Bisciotti was having a little fun, but he also wanted them to grasp the price of true greatness.
As a student of leadership in his pre-NFL business life, he found Lewis compelling.
"When I say the unique leaderships skills that Ray had, he literally could inspire you to give more than you think you could give, to sacrifice more than you think could sacrifice, and he drove people to be their best selves," Bisciotti said. "And it was by example. There was nobody watching more film, nobody staying in the gym longer after practice. So the effect he had on others, it's hard to quantify. But I do believe that playing next to Ray, you gave more than you would have or could have if he wasn't there. And I find that remarkable. I really do."

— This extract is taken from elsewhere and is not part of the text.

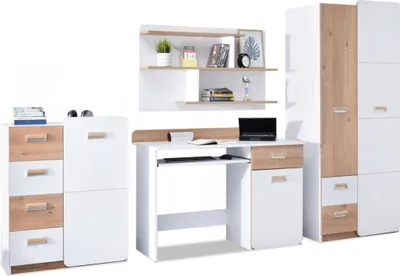 Obrázek produktu pro Studentský nábytek JOHELY - bílý / dub nash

Lewis played for 17 seasons, almost unheard of in a league in which the average career is less than four. During what he termed his "last ride," the 37-year-old tore his triceps in the sixth game of the season. In typical fashion, he worked like a demon to defy the odds and return for the playoffs. In the Super Bowl, he was a step slower than the young San Francisco 49ers on the other side of the ball. But he still finished with seven tackles and celebrated the end of his career with a parade through the streets of Baltimore, the city he'd made his own.
He comes to town frequently in retirement, working to boost his Power 52 jobs initiative or shepherding groups of city children to Under Armour CEO Kevin Plank's Sagamore Farm, where he gives them a glimpse of a different world. He spends much of the rest of his time keeping up with his own children, all of whom are either in college or headed there.
Recently, he fell into conversation with an older Baltimore woman, who told him that every time she watched him dance out of the tunnel on Sunday, she felt a little more hopeful about the week ahead.
"If you can give somebody that gift," he said, his voice breaking. "If you can pass that gift … "
And for once, Ray Lewis was out of words.